Selain itu, berpikir kritis juga memiliki manfaat dalam jangka panjang, mendukung siswa
dalam mengatur keterampilan belajar mereka, dan kemudian memberdayakan individu untuk
berkontribusi secara kreatif pada profesi yang mereka pilih. Menurut Cheng menegaskan
bahwa berpikir kritis harus menjadi dasar yang meresap dari pengalaman pendidikan semua
siswa mulai dari pra-sekolah hingga sekolah menengah atas dan perangkat di universitas serta
program terstruktur dalam berpikir kritis harus dimulai dengan mengenalkan karakter
(disposisi) yang tepat dan beralih menuju ke pengembangan kemampuan berpikir kritis.
Artinya, berbekal dengan kemampuan berpikir kritis, guru telah membantu mempersiapkan
peserta didik untuk masa depannya. Sedangkan menururt Ben-Chaim mengatakan bahwa
kemampuan berpikir kritis menjadi sangat penting agar sukses di kehidupan, sebagai langkah
perubahan untuk terus melaju dan sebagai kompleksitas serta saling meningkatkan
ketergantungan (Masrukan, 2016: 608).

Berdasarkan uraian diatas, dapat disimpulkan bahwa berpikir kritis adalah berpikir
rasional tentang sesuatu, kemudian mengumpulkan informasi sebanyak mungkin tentang
sesuatu tersebut yang meliputi metode-metode pemeriksaan atau penalaran yang akan
digunakan untuk mengambil suatu keputusan atau melakukan suatu tindakan. Seseorang yang
berpikir kritis memiliki ciri-ciri yaitu:

1. Mampu berpikir secara rasional dalam menyikapi suatu permasalahan


2. Mampu membuat keputusan yang tepat dalam menyelesaikan masalah
3. Dapat melakukan analisis, mengorganisasi, dan menggali informasi berdasarkan fakta
yang ada
4. Mampu menarik kesimpulan dalam menyelesaikan masalah dan dapat menyusun argumen
dengan benar dan sistematik.
b. Berpikir kritis dalam matematika

Matematika merupakan bagian dari ilmu yang memiliki sifat khas jika dibandingkan
dengan ilmu pengetahuan yang lain. Kekhasan pada matematika menjadikan matematika
sebagai ratu sekaligus pelayan dalam ilmu pengetahuan. Pentingnya matematika dalam
kehidupan sehari-hari menjadikan matematika sebagai salah satu mata pelajaran yang harus
dikuasai oleh setiap siswa. Menurut Lambertus matematika mempelajari tentang pola, struktur,
keteraturan yang terorganisasi, yang dimulai dari unsur-unsur yang tidak terdefinisi kemudian
ke unsur-unsur yang terdefinisi, hingga ke aksioma atau postulat dan dalil-dalil atau teorema.
Komponen matematika tersebut membentuk suatu sistem yang saling berhubungan dan
terorganisir dengan baik (Masrukan, 2016: 609).

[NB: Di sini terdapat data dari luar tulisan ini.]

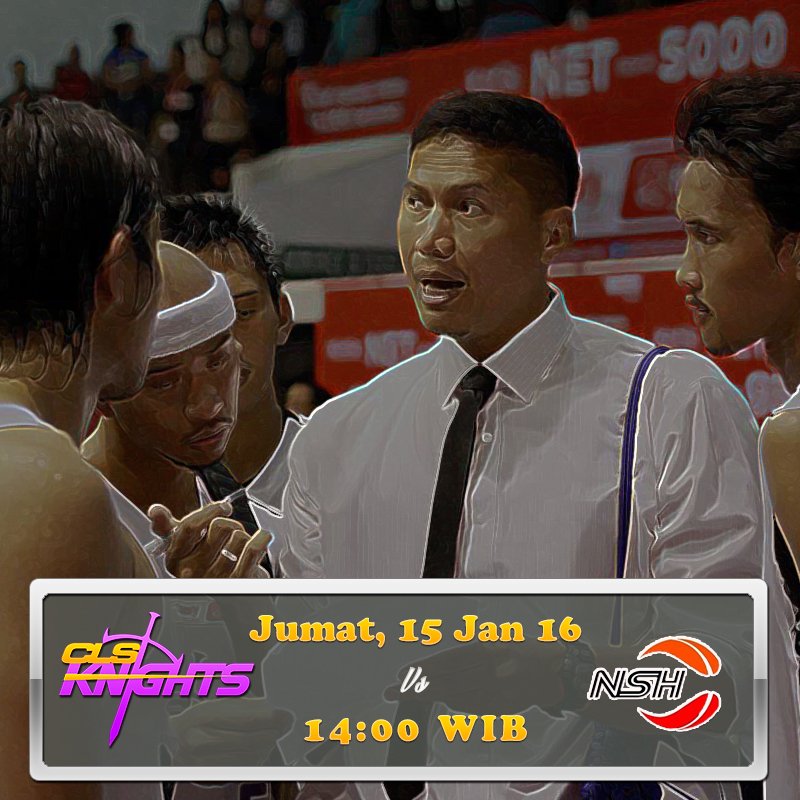clsknights's tweet photo. Game 4 #CLSKnights vs NSH 
Jumat,15.01.16. 14:00 WIB. 💻 @iblindonesia #FightKnights #BEL1EVE #EXPECTB1G https://t.co/6i2y3jA33u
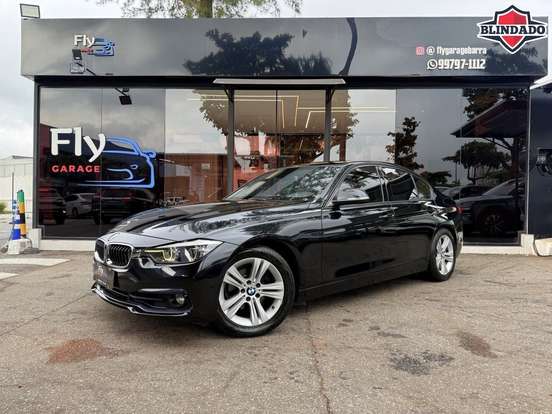BMW-320i-2.0 SPORT GP 16V TURBO ACTIVE FLEX 4P AUTOMÁTICO BMW-320i-2017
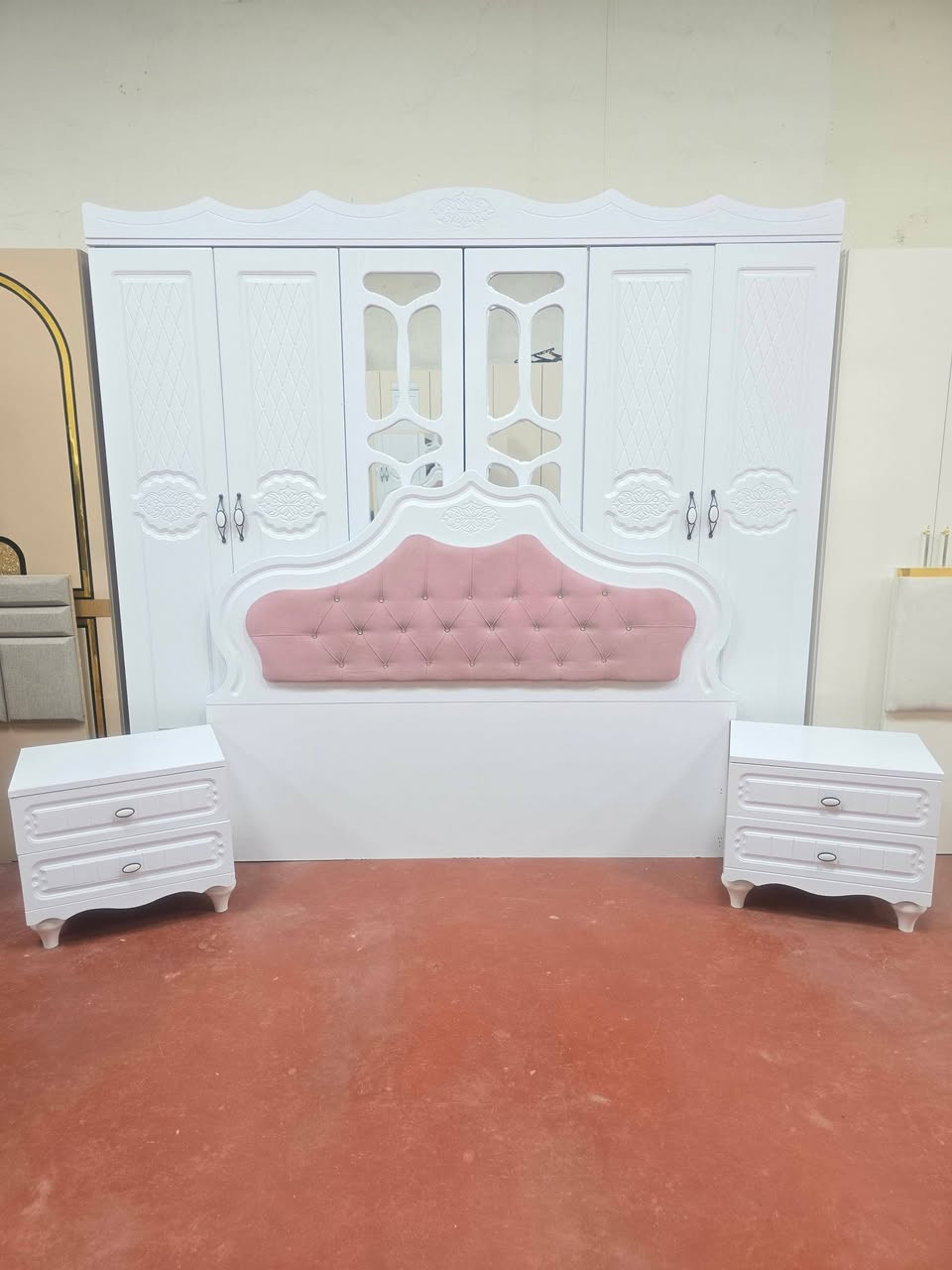 💎💗 غرفة تركي مستخدم
🛏️ 8 قطع كاملة
💯 نظافة 95%
نضام كانتري
🚪 نظام أبواب مرتب
🪛 شد مجاني
🚚 نقل مجاني
💎


**إذا كنت صاحب هذا الإعلان وتريد حذفه لأي سبب، رجاءا أرسل رسالة إلى الدعم الفني**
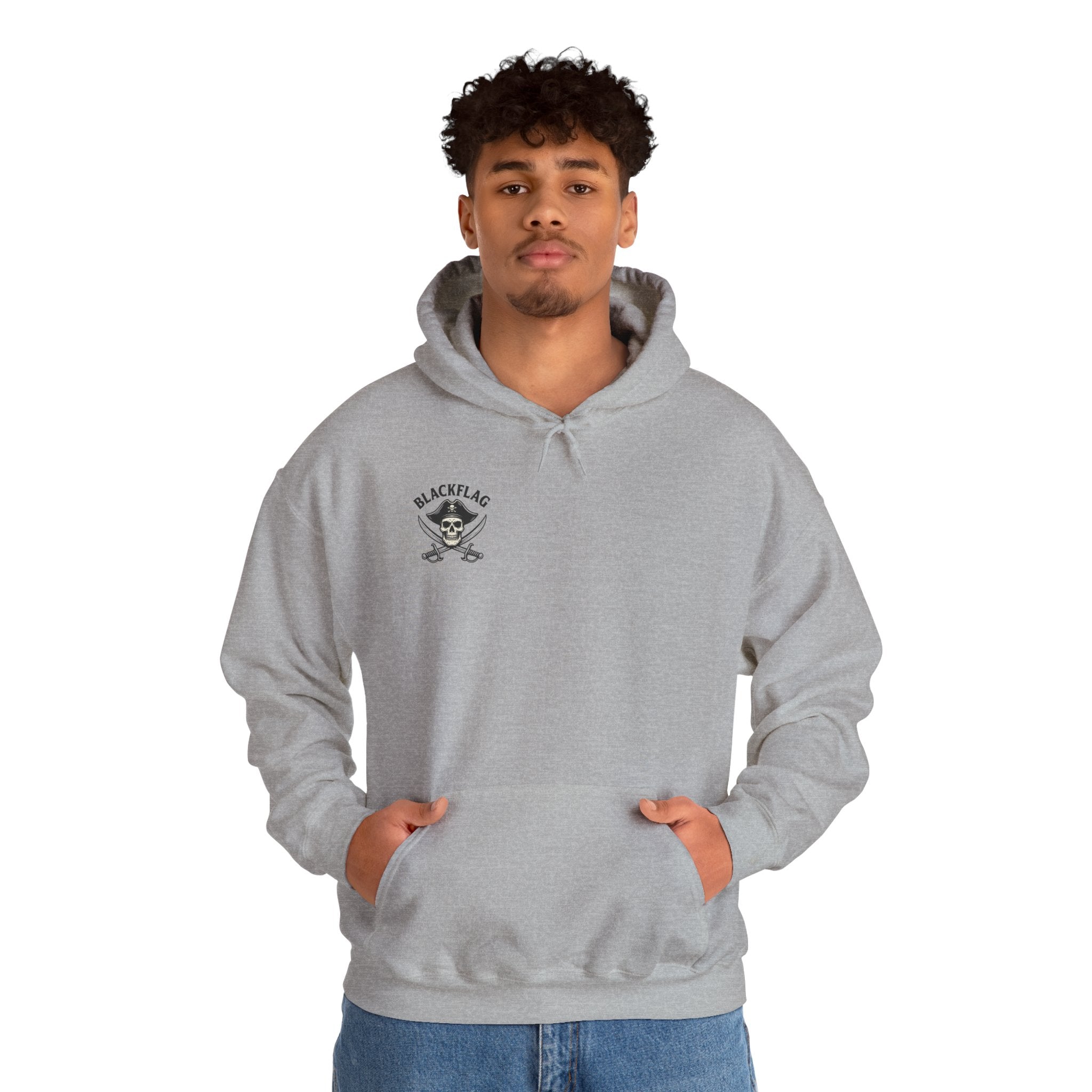 BlackFlag Outfitters Skulls Dream Unisex Heavy Blend™ Hooded Sweatshirt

Matematika dikenal sebagai ilmu deduktif, yang artinya proses pengerjaan matematika
harus bersifat deduktif. Matematika tidak menerima generalisasi berdasarkan pengamatan
(induktif), tetapi harus berdasarkan pada pembuktian secara deduktif. Berpikir deduktif
merupakan cara berpikir yang diawali dari pembuktian pernyataan yang bersifat umum yang
dilanjutkan dengan penarikan kesimpulan yang bersifat khusus. Tujuan dari berpikir deduktif
adalah untuk menentukan kerangka pemikiran yang koheren dan logis. Dalam penalaran
deduktif, kesimpulan yang ditarik merupakan akibat logis dari alasan-alasan yang bersifat
umum menjadi bersifat khusus. Penerapan cara berpikir deduktif ini akan menghasilkan
teorema-teorema yang selanjutnya dipergunakan untuk menyelesaikan masalah-masalah baik
dalam matematika murni maupun dalam matematika terapan (Masrukan, 2016: 609).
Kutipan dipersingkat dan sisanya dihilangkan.